Hi, I’m on kedro 0.18.3 trying to override a templ...
# questions
v
Hi, I’m on kedro 0.18.3 trying to override a templated variable in the data catalog with runtime configuration. So
catalog.yml
has
filepath: "${configurable_filepath}"
and I’d like to do
kedro run --params configurable_filepath:/path/to/file
. A similar question was asked previously https://linen-discord.kedro.org/t/2203662/Hi-all-I-have-a-beginner-question-on-Kedro-0-18-2-I-have-a-T with writing a custom TemplatedConfigLoader as solution: https://github.com/noklam/kedro_gallery/blob/master/template_config_loader_demo/src/template_config_loader_demo/settings.py Is this the recommended approach or is there a way of achieving what I want without writing a custom TemplatedConfigLoader accessing private variables? Is there no other way to add all runtime parameters to the global dict? I’d really want to avoid that if possible in case a future kedro update changes things.
d
In general we don’t expect filepaths to be dynamically it makes reproducibility very difficult, is why it’s not natively supported
My question to you is why do you need to pass the file in at runtime?
v
The example would be running the same job/pipeline with multiple different inputs, i.e. filepaths
d
Well we have a solution for that called Modular Pipelines https://kedro.readthedocs.io/en/stable/nodes_and_pipelines/modular_pipelines.html
the idea is that you can reuse the same code for different inputs
you would still need to provide static catalog entries, but it allows you essentially ‘instantiate’ a pipeline and namespace process
v
Say you need to run a pipeline for a varying number of inputs, where the inputs may come from a query in a database.

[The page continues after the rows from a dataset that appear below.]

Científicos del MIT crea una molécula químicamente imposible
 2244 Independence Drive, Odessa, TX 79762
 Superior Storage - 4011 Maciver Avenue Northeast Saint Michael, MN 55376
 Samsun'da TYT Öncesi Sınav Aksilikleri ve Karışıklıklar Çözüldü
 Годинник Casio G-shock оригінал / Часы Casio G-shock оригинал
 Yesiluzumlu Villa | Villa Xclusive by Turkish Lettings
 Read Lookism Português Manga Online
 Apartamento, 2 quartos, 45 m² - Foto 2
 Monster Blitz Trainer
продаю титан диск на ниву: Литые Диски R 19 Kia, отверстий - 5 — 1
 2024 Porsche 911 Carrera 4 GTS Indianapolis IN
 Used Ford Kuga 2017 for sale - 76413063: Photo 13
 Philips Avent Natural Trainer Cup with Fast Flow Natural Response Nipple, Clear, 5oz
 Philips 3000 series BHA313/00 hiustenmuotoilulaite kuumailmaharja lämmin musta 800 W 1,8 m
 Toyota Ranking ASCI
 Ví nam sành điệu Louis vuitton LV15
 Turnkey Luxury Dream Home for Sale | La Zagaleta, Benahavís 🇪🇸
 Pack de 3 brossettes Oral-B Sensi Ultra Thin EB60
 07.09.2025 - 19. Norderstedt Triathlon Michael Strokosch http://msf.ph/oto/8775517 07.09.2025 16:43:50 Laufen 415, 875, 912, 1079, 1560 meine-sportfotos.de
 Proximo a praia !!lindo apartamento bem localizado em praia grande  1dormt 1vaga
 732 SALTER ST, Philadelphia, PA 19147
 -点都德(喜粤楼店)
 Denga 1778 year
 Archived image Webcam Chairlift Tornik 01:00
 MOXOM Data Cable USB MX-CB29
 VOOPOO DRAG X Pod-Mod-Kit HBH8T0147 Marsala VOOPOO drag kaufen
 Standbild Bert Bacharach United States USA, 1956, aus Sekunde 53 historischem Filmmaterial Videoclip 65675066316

That doesn’t seem compatible, or at least convenient, with a static catalog.
d
ah gotcha - that goes against the principle of reproducibility
v
I don’t see that.. If I really wanted to reproduce it I could keep track of all the inputs I’ve had over time and reproduce it. It’s just not convenient to represent the input as something static
d
so you can absolutely achieve this, probably the best way to do so is with a pipeline hook which mutates the catalog
v
But… I’m not here to argue about kedro’s design choices ofc 🙂
d
but it’s a piece where we’re opinionated on because it makes things difficult to maintain / debug in the past
v
Yes, ok. I’m just thinking in reality data source are often changing. At least in my world 🙂 But then I know there is no “easy” way.
d
hooks are super nice to work with
the before pipeline run hook has access to the live catalog entry
and
extra_params
can be passed from the CLI
v
ok, thanks
So, after having a look at the before_pipeline_run hook, it looks like I’d have to break into some dataset objects. Even if I could find a
path
attribute to change ther I’m not sure it improves on the the original solution of a custom TemplatedConfigLoader. Am I missing something with what you proposed?